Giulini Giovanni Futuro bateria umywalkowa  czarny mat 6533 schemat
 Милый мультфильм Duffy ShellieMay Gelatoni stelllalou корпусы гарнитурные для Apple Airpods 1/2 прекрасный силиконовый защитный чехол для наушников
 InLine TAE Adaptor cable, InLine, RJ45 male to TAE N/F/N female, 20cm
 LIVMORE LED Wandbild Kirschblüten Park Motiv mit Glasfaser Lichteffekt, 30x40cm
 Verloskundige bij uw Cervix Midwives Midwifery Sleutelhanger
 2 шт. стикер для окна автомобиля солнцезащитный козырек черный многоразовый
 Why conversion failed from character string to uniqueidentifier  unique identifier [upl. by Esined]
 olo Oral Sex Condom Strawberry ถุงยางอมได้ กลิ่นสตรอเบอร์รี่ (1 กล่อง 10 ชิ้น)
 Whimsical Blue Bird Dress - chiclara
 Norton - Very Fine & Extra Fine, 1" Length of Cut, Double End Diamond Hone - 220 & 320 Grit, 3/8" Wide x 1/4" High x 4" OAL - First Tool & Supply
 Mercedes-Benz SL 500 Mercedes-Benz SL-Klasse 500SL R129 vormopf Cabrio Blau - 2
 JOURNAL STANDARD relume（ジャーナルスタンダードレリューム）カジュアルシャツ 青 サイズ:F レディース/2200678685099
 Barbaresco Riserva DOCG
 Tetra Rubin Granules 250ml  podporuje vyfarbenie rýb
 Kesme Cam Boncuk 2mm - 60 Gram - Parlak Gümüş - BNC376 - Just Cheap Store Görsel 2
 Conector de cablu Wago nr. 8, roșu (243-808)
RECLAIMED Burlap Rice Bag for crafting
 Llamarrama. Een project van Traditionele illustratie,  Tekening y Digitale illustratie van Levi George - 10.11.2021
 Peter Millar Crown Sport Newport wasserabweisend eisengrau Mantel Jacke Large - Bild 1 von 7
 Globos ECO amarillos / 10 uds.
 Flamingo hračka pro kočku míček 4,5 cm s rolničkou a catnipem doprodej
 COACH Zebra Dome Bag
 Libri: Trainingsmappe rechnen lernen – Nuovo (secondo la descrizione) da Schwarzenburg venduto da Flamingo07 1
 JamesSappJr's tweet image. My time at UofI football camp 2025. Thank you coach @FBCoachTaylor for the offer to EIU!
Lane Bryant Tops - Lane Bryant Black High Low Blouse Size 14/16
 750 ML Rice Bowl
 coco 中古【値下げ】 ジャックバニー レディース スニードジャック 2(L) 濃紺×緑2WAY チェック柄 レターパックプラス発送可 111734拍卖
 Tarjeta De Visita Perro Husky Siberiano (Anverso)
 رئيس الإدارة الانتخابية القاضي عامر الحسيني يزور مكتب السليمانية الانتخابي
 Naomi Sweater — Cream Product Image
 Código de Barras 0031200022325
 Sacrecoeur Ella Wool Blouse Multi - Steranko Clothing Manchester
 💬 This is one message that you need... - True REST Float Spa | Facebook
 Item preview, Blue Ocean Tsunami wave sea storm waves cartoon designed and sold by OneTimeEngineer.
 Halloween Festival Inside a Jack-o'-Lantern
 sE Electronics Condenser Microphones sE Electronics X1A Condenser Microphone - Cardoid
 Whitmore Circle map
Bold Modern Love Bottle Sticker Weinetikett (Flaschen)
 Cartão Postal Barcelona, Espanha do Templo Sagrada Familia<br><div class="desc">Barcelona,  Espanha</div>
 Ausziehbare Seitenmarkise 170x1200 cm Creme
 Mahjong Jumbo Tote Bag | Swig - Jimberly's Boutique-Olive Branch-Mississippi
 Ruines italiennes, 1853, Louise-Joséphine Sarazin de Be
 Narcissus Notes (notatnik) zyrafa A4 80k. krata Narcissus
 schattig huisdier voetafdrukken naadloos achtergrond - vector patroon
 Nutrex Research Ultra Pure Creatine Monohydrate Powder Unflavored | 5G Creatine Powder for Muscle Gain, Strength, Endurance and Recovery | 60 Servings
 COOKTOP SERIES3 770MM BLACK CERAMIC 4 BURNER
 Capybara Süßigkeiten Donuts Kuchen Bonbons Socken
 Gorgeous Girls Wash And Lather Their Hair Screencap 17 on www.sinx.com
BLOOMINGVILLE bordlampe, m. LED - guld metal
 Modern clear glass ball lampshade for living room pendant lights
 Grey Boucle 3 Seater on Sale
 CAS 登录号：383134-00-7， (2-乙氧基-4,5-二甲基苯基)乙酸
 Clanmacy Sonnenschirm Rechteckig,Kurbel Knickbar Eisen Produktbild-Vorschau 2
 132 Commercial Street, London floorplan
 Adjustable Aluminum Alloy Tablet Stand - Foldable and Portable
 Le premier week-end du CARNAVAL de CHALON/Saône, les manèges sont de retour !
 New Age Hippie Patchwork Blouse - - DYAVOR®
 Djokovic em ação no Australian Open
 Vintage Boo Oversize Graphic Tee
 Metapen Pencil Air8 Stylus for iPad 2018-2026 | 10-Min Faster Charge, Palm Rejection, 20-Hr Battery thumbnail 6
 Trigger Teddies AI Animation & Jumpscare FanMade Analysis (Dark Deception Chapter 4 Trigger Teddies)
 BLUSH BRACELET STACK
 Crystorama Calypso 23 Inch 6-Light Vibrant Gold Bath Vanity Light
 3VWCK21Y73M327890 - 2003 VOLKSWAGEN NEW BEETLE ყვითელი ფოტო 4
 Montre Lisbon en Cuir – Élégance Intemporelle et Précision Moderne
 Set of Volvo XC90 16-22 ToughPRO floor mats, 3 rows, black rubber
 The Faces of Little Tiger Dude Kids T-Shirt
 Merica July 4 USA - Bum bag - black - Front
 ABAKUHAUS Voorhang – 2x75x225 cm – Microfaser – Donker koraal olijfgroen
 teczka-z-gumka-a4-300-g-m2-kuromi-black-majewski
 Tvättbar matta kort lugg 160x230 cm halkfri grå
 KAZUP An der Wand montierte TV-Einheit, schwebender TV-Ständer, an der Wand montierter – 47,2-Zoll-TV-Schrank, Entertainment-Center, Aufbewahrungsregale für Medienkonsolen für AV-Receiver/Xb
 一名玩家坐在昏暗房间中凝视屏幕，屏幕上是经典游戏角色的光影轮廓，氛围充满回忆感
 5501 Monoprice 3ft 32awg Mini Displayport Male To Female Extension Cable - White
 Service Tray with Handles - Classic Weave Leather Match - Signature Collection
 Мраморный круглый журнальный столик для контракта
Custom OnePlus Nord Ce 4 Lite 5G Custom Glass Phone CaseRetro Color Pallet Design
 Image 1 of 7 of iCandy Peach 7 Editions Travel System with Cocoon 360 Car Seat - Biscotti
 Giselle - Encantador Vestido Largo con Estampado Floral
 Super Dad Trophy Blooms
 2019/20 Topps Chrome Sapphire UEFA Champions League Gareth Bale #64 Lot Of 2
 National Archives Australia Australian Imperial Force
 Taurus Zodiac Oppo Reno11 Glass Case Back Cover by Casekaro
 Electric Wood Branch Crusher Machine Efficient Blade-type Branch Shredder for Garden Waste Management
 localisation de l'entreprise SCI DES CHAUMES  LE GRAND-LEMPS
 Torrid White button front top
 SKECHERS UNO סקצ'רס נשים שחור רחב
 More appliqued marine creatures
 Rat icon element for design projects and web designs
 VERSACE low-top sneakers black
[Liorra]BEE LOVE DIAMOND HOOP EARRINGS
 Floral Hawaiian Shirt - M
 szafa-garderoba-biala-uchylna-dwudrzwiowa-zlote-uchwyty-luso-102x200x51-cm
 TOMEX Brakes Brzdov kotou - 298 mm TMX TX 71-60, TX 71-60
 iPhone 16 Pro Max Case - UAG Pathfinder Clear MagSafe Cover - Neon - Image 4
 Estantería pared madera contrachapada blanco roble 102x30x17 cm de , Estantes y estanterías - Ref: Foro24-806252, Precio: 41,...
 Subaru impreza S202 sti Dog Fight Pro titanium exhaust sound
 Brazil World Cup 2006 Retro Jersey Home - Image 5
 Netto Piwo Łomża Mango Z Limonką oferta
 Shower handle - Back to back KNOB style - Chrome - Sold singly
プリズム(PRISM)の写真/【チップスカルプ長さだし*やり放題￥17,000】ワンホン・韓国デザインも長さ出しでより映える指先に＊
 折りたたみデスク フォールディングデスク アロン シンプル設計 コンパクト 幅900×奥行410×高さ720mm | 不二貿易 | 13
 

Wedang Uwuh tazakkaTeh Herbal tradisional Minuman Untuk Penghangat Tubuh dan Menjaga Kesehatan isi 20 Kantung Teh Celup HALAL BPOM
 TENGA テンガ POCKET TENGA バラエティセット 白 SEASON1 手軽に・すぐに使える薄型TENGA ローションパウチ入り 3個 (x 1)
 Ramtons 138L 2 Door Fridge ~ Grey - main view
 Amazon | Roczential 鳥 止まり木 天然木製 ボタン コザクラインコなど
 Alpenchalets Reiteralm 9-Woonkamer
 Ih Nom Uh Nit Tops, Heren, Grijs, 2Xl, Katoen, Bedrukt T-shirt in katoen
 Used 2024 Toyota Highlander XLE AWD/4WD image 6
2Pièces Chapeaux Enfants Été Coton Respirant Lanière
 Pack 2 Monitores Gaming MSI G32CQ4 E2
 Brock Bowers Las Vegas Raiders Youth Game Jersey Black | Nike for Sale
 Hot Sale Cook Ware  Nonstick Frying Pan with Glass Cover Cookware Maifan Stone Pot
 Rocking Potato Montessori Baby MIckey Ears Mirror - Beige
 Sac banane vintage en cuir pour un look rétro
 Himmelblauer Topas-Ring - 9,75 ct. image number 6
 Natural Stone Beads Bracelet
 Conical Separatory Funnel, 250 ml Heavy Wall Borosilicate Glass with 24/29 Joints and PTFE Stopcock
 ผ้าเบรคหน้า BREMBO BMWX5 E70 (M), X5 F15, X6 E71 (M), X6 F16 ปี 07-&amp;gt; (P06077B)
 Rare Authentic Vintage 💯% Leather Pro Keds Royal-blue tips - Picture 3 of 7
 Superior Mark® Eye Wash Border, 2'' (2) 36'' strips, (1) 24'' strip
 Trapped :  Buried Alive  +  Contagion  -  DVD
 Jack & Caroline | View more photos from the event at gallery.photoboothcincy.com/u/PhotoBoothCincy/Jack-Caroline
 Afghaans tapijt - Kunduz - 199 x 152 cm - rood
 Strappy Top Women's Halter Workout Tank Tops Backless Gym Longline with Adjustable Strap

**Exercise prompt**
Could you count how many lines of the listing above contain the word "with" and give only that number?

**Answer to the problem**
5